Flux brings AI work and multi-editor projects into one paid environment. KiCad is free, open source, and local.
Updated 2026-07-10
Flux and KiCad represent two good but different ways to design a PCB. Flux packages AI chat, task completion, private projects, and imports into a subscription product. KiCad gives you a complete open-source schematic and PCB suite with no license fee [5]. The better choice depends on which cost you are trying to remove: coordination and repetitive work, or software subscriptions and cloud dependence.
Flux vs KiCad at a glance
| Decision | Flux | KiCad |
|---|---|---|
| Price | $20/mo Starter; $142/mo Pro [1] [3] | Free and open source [5] |
| AI workflow | AI chat and task completion included on paid plans [2] | Not covered by the cited KiCad source |
| Team projects | Pro supports up to 20 editors per project [4] | Local workflow; teams choose their own sharing and version-control setup |
| Control | Subscription workspace with project limits determined by plan | Open-source application and locally managed project files [5] |
Where Flux has the clearer advantage
Flux reduces the number of separate tools a team has to assemble. Starter includes AI chat and task completion, 10 monthly ACUs, up to 50 private projects, unlimited public projects, and KiCad part import [2]. Pro expands that to 100 ACUs per editor, unlimited private projects, up to 20 editors per project, and Altium and Cadence project import [4].
That bundle is the reason to choose Flux. A small team can keep the project, AI assistance, and editor access inside one shared operating model. If review loops and repetitive research are consuming engineering time, Flux has a credible path to paying for itself even though KiCad is free.
Where KiCad remains hard to beat
KiCad is a free, open-source, cross-platform suite for schematic capture and PCB layout; its homepage describes the software as “all forever free” [5]. That makes it the stronger choice when local control, offline access, and zero recurring license cost are the priority.
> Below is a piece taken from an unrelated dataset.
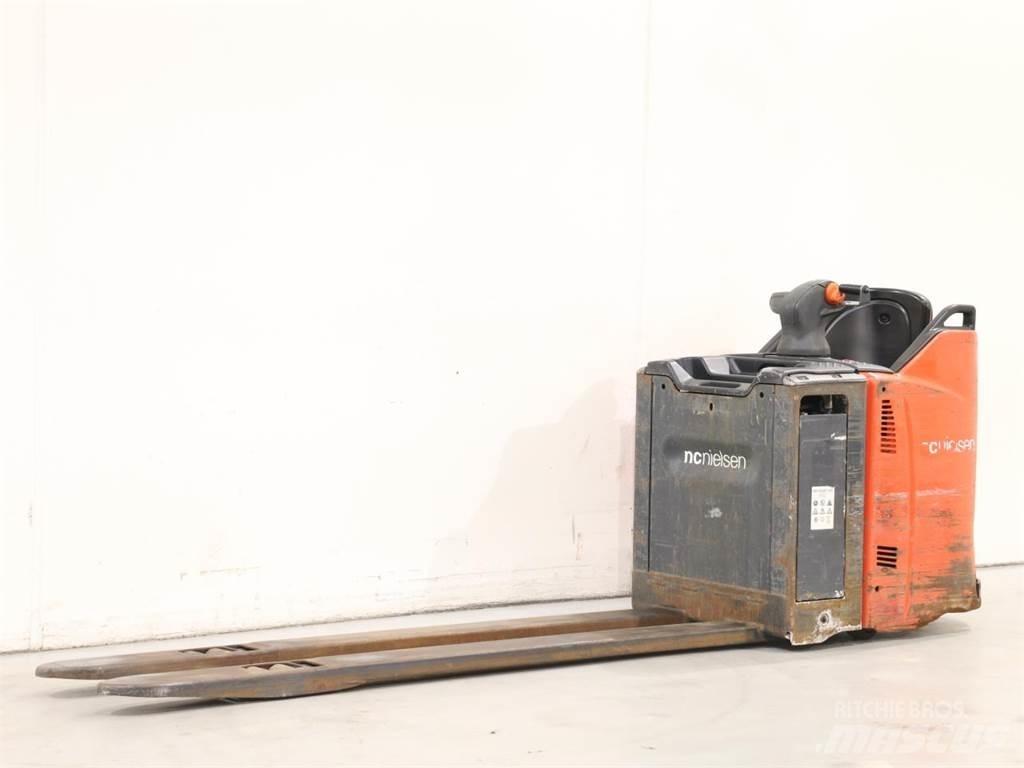 Linde T20SP/131 行走控制式堆積機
The trade is operational. KiCad gives the team control over its files and tooling, while the team supplies its own collaboration, AI, and workflow glue. Flux charges for bringing more of that work into one product.
Which should you choose?
Compare the wider field in our Flux.ai alternatives guide or review Flux pricing and ACUs.
Sources
- Flux's Starter plan is $20 per editor per month on monthly billing ($16 when billed annually). Flux pricing page (verified 2026-07-09, archived copy).
- Flux's Starter plan includes AI chat and task completion, 10 ACUs per month, up to 50 private projects, unlimited public projects, and KiCad part import. Flux pricing page (verified 2026-07-09, archived copy).
- Flux's Pro plan is $142 per editor per month ($112 when billed annually) and includes 100 ACUs (Agent Compute Units) per editor per month. That is roughly a 7x jump from the $20 Starter plan, with no pricing tier in between; above Pro, Flux lists a Teams tier at $158 per editor per month and an Enterprise tier. Flux pricing page (verified 2026-07-09, archived copy).
- Flux's Pro plan includes AI chat and task completion, 100 ACUs per month per editor, unlimited private projects, up to 20 editors per project, KiCad part import, and Altium and Cadence project import. Flux pricing page (verified 2026-07-09, archived copy).
- KiCad is a free, open-source, cross-platform PCB design suite for schematic capture and PCB layout; its homepage describes using it "all forever free." KiCad homepage (verified 2026-07-09, archived copy).